======== COLLECTED MATERIAL ========
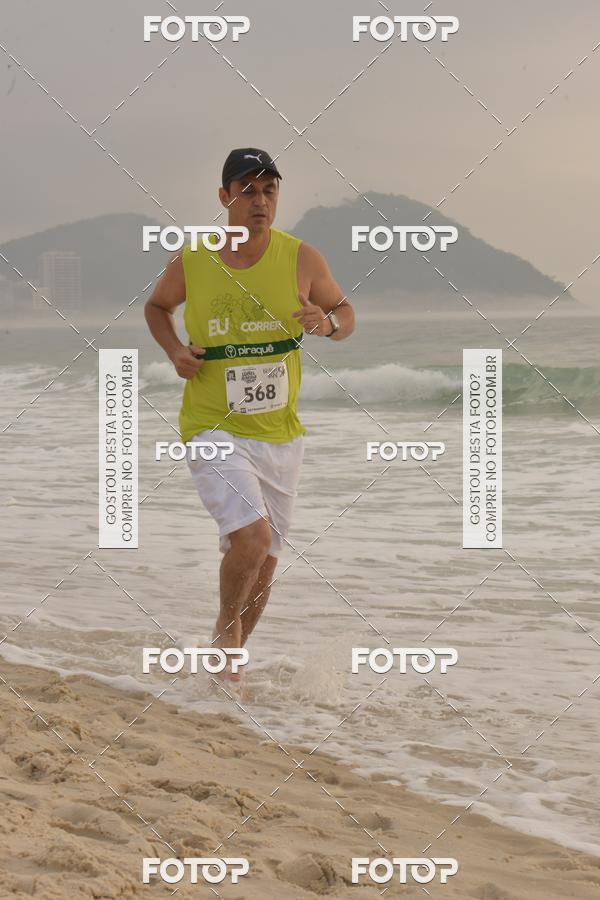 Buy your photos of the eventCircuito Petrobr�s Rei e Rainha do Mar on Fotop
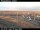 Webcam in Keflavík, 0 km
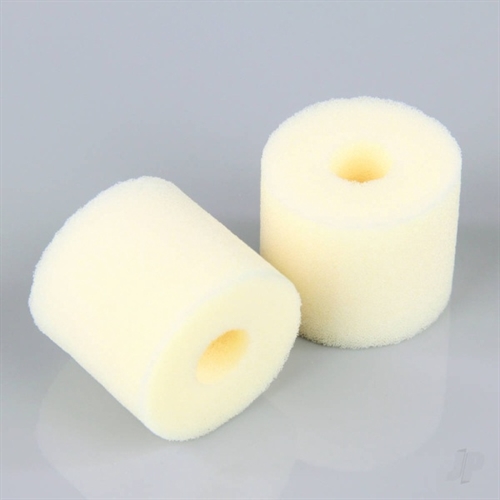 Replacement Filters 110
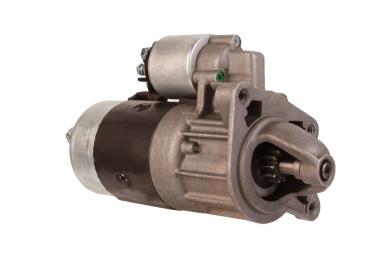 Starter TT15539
========
TASK STATEMENT:
Skipping all images, output the listing exactly.

ANSWER SECTION:
 Buy your photos of the eventCircuito Petrobr�s Rei e Rainha do Mar on Fotop
 Webcam in Keflavík, 0 km
 Replacement Filters 110
 Starter TT15539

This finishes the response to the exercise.